Sono preoccupato del futuro. L’Italia non offre una prospettiva. Non si intravede all’orizzonte un piano, una visione alimentata dal respiro, lungo, che le difficoltà contingenti e storiche imporrebbero.
Ciascuno ha la responsabilità di costruirsi il proprio futuro e fabbricarsi il proprio destino, certo. Ma non si può prescindere dalle condizioni al contorno. Esse non sono trascurabili.
Il futuro è incerto ma il presente non è disperato al punto da favorire lo sprigionarsi di forze collettive. La corsa alle provviste all’ipermercato ha preso il posto della solidarietà.

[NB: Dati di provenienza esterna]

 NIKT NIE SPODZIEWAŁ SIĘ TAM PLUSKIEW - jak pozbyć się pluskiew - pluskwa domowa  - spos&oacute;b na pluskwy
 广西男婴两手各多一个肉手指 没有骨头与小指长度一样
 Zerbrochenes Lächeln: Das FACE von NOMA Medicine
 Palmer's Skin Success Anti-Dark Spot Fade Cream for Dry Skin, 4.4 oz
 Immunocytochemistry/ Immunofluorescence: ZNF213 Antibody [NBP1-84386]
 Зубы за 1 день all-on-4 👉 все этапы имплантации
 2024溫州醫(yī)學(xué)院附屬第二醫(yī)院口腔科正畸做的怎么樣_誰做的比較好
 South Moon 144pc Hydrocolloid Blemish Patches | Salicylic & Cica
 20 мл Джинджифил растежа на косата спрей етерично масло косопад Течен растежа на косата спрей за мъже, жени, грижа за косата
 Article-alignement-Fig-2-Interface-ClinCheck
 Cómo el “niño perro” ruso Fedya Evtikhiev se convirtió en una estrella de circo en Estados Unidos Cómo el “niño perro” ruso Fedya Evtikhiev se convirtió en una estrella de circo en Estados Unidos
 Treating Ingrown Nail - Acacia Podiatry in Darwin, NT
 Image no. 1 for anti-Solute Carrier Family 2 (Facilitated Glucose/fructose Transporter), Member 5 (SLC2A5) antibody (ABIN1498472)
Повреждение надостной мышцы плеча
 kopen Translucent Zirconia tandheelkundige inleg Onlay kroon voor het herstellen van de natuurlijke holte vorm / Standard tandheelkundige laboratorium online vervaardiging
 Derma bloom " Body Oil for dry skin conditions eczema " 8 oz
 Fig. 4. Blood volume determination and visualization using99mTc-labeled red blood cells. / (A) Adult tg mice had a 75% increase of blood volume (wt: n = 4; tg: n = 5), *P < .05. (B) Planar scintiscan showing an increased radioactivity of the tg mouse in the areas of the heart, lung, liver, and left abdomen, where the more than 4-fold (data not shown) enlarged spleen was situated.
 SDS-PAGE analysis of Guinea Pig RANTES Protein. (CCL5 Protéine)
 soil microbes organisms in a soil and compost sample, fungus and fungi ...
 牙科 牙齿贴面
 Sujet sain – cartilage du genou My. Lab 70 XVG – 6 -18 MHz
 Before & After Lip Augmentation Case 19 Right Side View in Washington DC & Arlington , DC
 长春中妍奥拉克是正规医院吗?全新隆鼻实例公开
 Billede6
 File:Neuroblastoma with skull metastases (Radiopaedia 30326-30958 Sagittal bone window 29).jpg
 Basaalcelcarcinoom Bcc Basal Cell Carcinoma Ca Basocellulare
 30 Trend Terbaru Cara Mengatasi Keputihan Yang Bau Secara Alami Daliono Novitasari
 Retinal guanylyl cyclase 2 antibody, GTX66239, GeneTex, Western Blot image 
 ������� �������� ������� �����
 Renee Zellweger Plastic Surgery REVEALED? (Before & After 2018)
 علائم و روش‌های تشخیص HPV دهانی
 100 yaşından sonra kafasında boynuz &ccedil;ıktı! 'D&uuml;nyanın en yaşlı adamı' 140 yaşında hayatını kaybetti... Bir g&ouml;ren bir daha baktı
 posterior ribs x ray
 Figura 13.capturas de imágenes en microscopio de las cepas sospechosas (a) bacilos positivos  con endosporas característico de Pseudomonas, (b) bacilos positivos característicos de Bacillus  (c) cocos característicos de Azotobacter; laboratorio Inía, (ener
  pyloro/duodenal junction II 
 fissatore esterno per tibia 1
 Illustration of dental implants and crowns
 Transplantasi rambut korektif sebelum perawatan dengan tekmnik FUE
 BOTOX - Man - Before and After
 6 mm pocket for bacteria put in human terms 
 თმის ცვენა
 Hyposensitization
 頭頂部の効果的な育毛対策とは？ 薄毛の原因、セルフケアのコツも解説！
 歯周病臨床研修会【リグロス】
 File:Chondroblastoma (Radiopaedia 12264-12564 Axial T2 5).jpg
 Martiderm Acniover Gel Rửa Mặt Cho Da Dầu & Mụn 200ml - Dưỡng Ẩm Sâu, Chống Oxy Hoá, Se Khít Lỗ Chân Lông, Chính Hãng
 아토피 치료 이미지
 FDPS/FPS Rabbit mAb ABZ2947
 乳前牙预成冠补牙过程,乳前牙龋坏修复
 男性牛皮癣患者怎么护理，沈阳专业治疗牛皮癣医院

Anche solo l’idea di cercare le opportunità altrove mantenendo le radici nella terra in cui si è nati, e in cui ci si è radicati, in ossequio all’adagio che vuole l’Italia, ancora e comunque un bel posto, in cui decidere di vivere fa a pugni con la stretta fiscale che uno Stato diffuso neoplasicamente richiede senza restituire in termini di servizi e di qualità della vita la giusta contropartita. Cosa fare dunque?
Poco o nulla. Si va a dormire con questa domanda che, affilata come una lama di coltello, scivola nella mente e produce inquietudine. Un’inquietudine tale che l’altra mattina sono stato turbato da estraordinarie, orfiche, visioni.
Alla finestra, ero muto a osservare, con la fronte rivolta a Est, il cielo che lentamente si schiariva all’orizzonte, là dietro Superga, illuminato dal sorriso capovolto del sole nascente. E vedevo, sopra di me, sospese nel cielo, zolle di terra all’in giù con sopra enormi palazzi che stavano capovolti. La terra aveva per capelli le radici che spuntavano come tronchi di alberi e si ramificavano verso l’alto.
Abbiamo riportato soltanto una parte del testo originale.